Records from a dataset
====

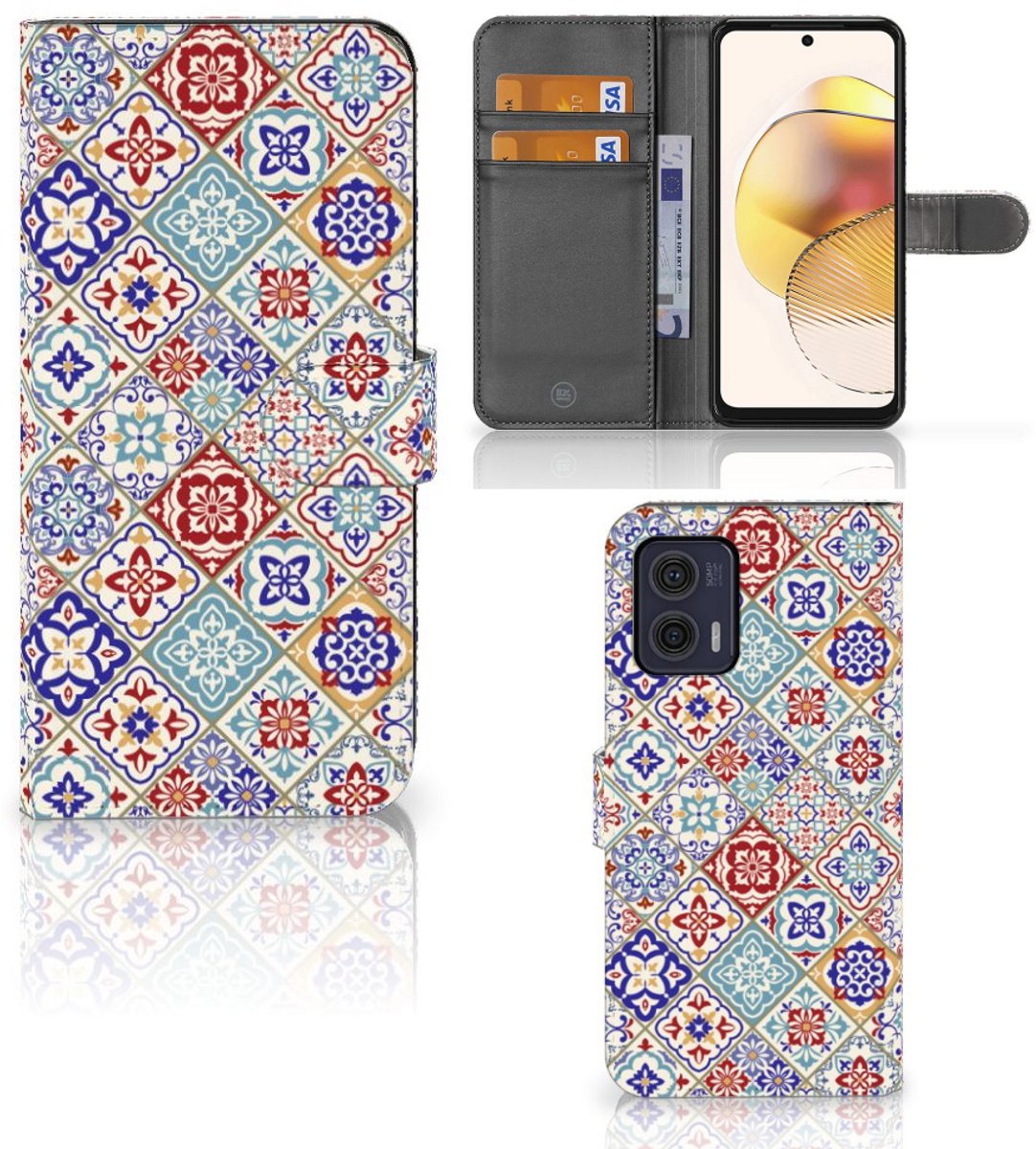 Motorola Moto G73 Bookcase Tiles Color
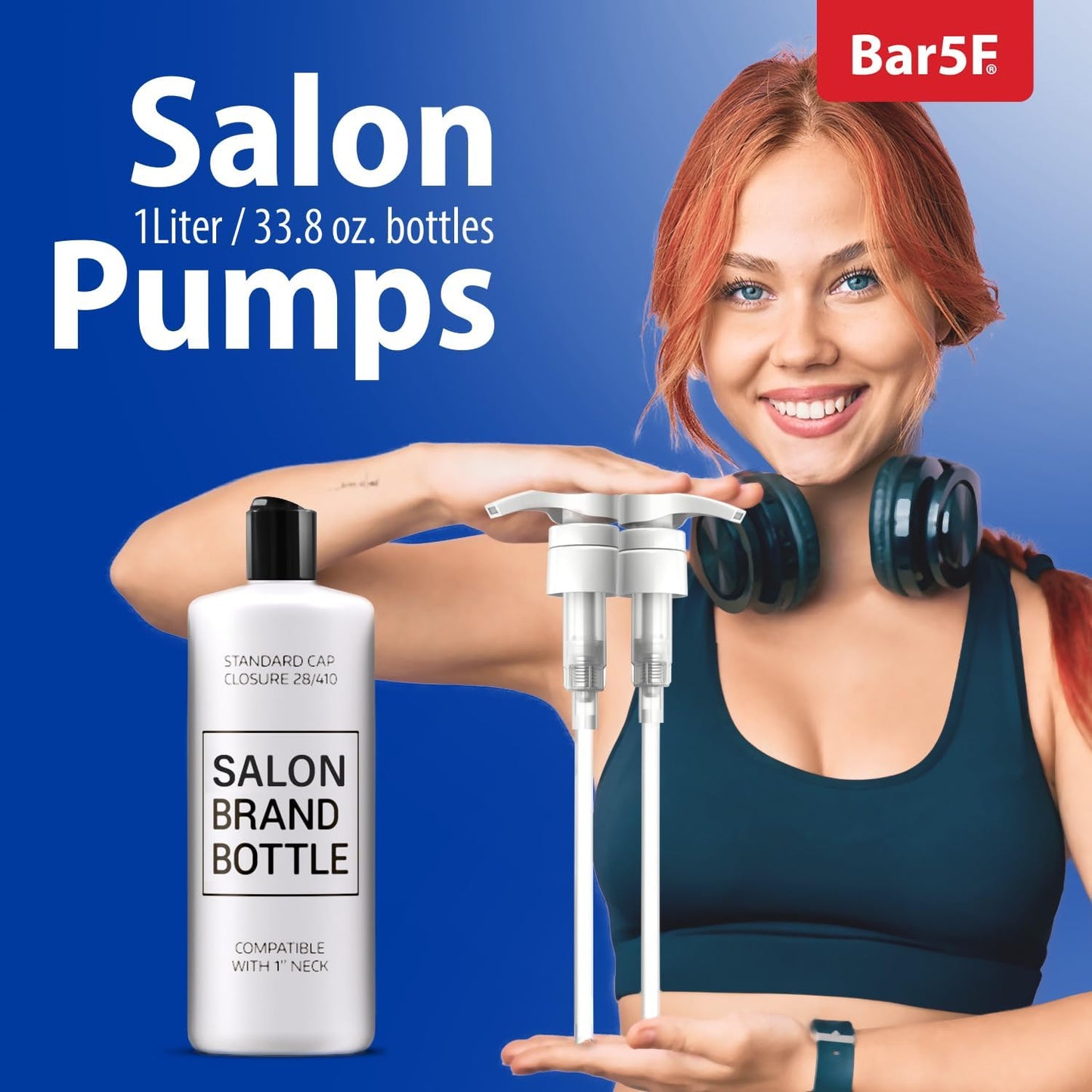 Skiennix Universal Shampoo & Conditioner Pump - 1L/33.8 oz. - Convenient White Dispenser Set
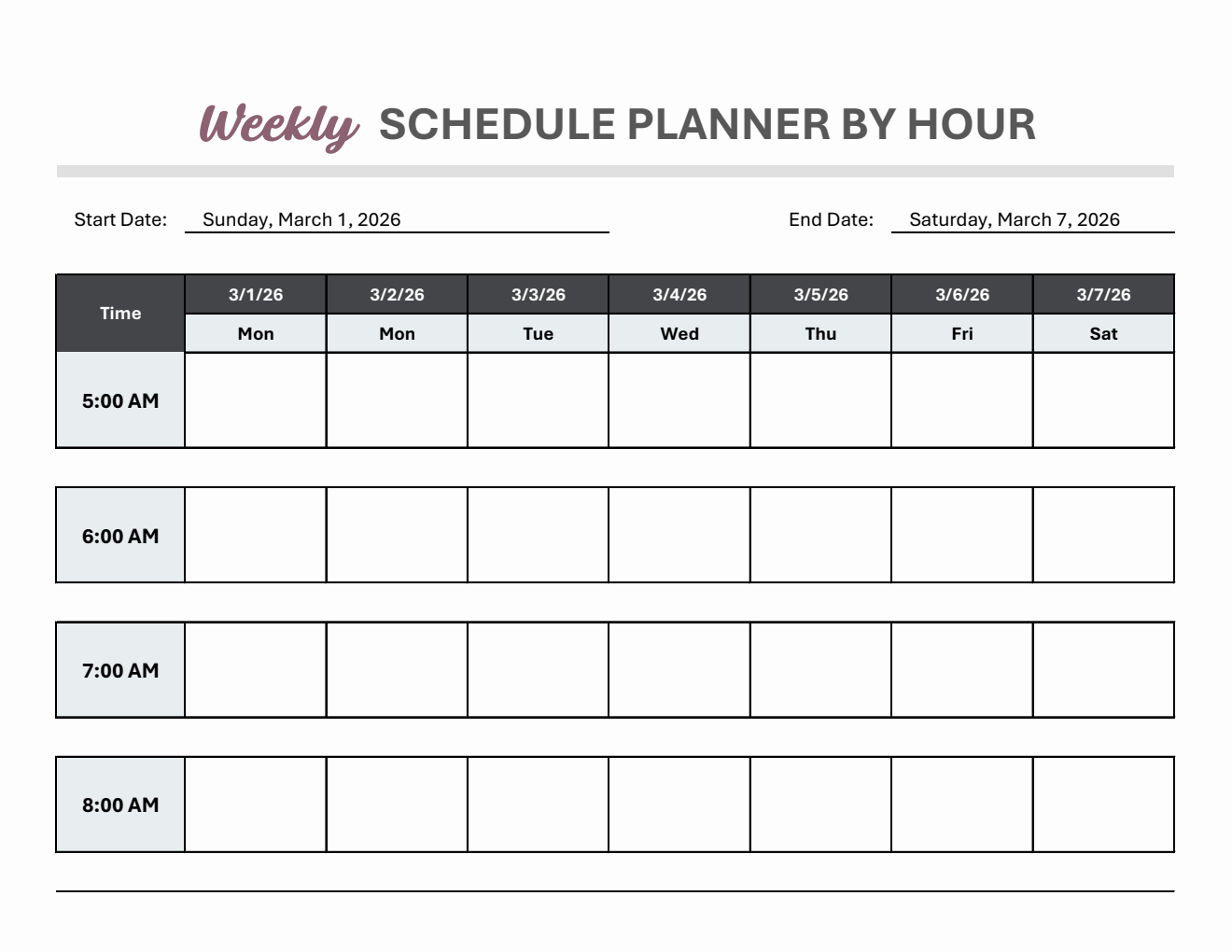 Downloadable Weekly Hourly Schedule Template in Excel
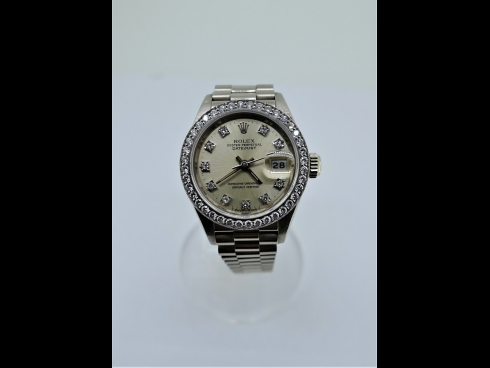 ロ－レックス　K18WGデイトジャストダイヤモンドウオッチ（USED)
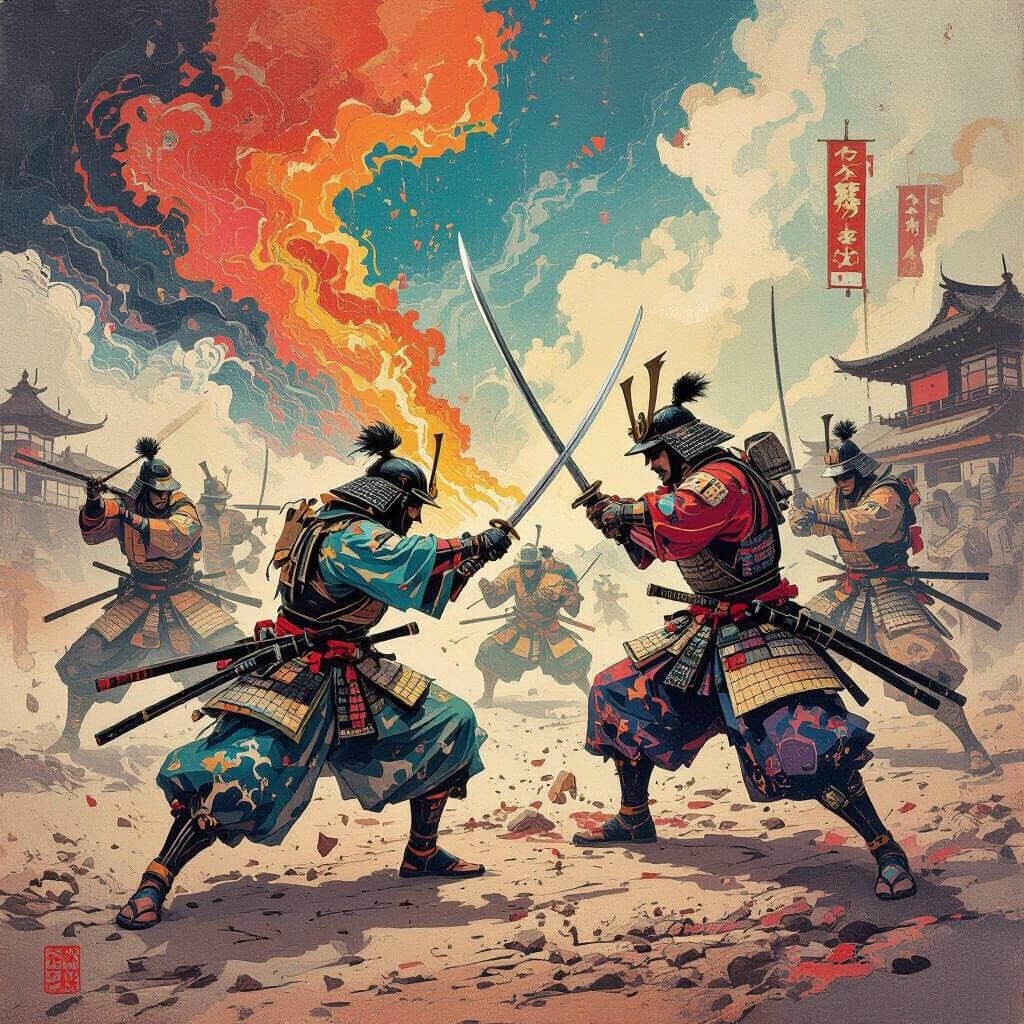 Surreal Samurai War in Dada Vision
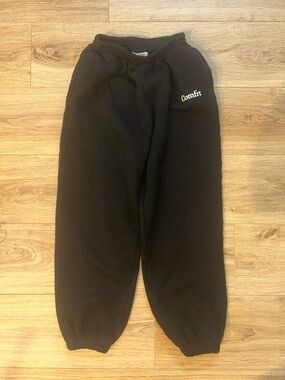Comfrt Kids Black Fleece Jogger Pants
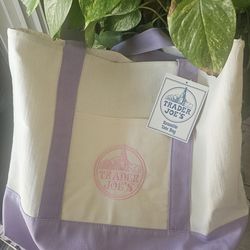 Trader Joe's large lavender tote bag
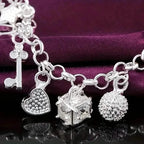 13 Pendant Charm Bracelet - Cubic Zirconia, No Plating, Fashion Jewelry Chain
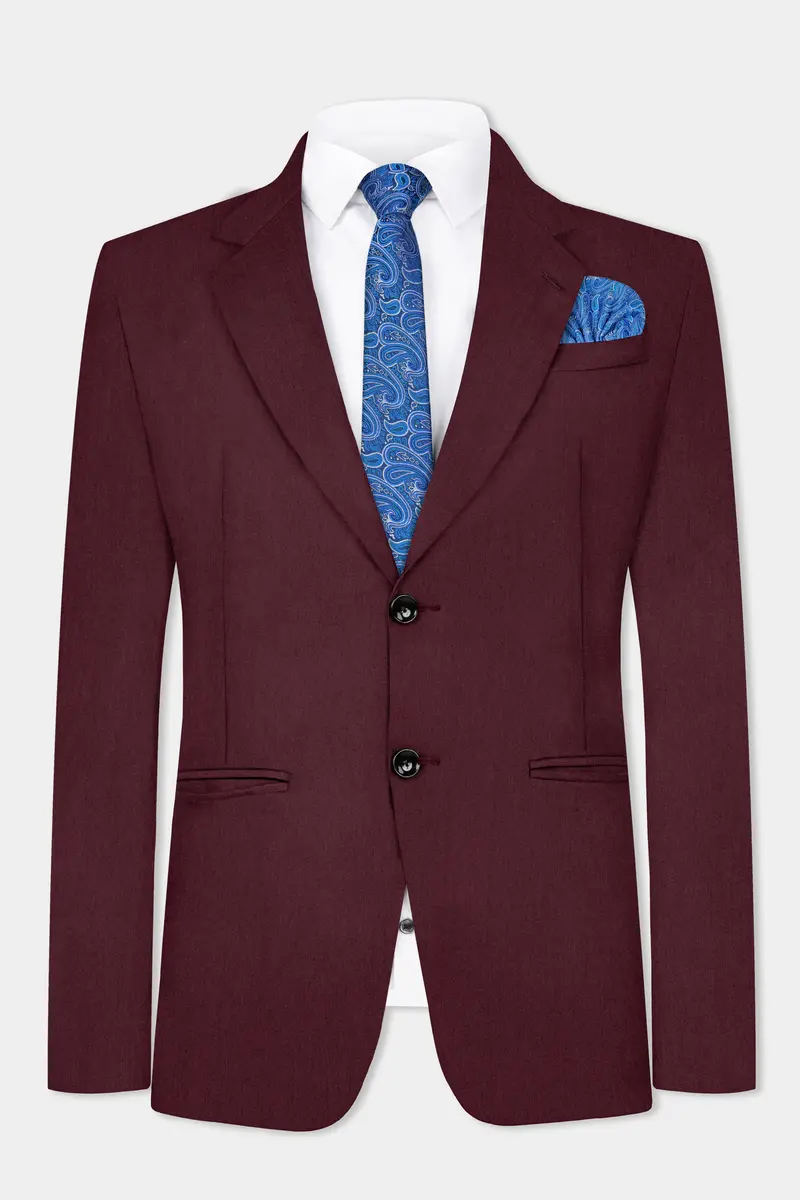 Tamarind Maroon Wool Blend Single Breasted Blazer 2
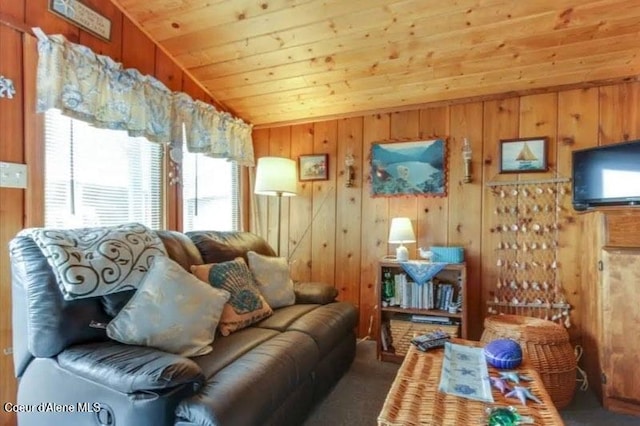 16946 E Jds E Dock 27, Bayview, ID 83803 - living area with wooden ceiling, carpet flooring, wood walls, and vaulted ceiling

====

[Action item]: Copy nothing but the lines from the line holding "Tamarind Maroon Wool" through the last line of the entries, exactly, while leaving out the pictures.

[Completed exercise]:
 Tamarind Maroon Wool Blend Single Breasted Blazer 2
 16946 E Jds E Dock 27, Bayview, ID 83803 - living area with wooden ceiling, carpet flooring, wood walls, and vaulted ceiling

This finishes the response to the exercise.